M3のバージョンはほんと多い。一般に初期型とか後期がとか言ってますが、厳密な区切りはできません。強いて言うなら最初期・初期上・初期下・中期上・中期下・後期上・後期下でしょうか?これも微妙にかぶっていたりして大変だ。ですから、ボディー全体を見て言うよりはスプールだけを見るとか、マウントだけを見るとかした方がいいかもしれません。
番号だけ判断してもいいのですが、当時のライカのメンテナンスで部品交換されてオリジナルを失っているものが多々あります。良くあるものとしては、二重像がノッチ付きに替えられた初期型などです。またメーカーでの交換に限らず、個人レベルで裏蓋が後期にものに替えられたり、スプールがサードパーティーのものになっていたりと、ライカ純血主義者にとっては懸念されることでしょう。
まず最初期型の話。俗に言う700型。これは段付きとか呼ばれるボディーの角がカクッとなっているもの。これはM3が量産型に入る前のものです。№700000~№701000近くまででしょうか。ほんとに初期ロットですね。中には下蓋もカクッとしている超初期型もあります。確認されているこの段付きは700708までは存在します。

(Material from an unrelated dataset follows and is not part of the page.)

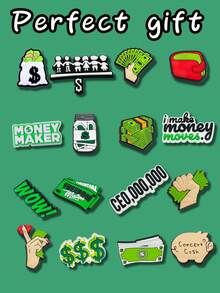 16 buc. Pandantive pentru pantofi DIY cu semnul dolarului, potrivite pentru brelocuri, sandale, genți de plajă etc., fabricate din material PVC, accesorii decorative de înaltă calitate, cadouri excelente pentru Crăciun, ziua de naștere, petrecere, vară, școală și multe altele - Temă dolar american - Vizualizare 3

このころのスプールは上面にMと矢印が書いてあり、押し込むと固定できるものでした。スプールもいろいろとありますが、矢印が書いているものは固定できます。その後、何も書いてないもの、Mとgermanyと書いているもの、Mだけと順に新しくなっていきます。またフィルムを差し込むところに点々の穴で矢印がありますが、初期のもの(上面に何も書いてないもの)までは矢印が長く、フィルムも途中までしか差し込めません。後期のものは矢印の最後まで差し込めます。これらはボディーナンバーがいついつまでという区切りはありません。ただ、私の持っている№708607では上面に何も書いていないバージョンで。809では上面にMとGermanyのバージョンです。
底蓋のスプールを支える突起は、一段の三角です。
巻き戻し解除レバーは長いバージョンです。これが短くなるのは96万台の最後の方からです。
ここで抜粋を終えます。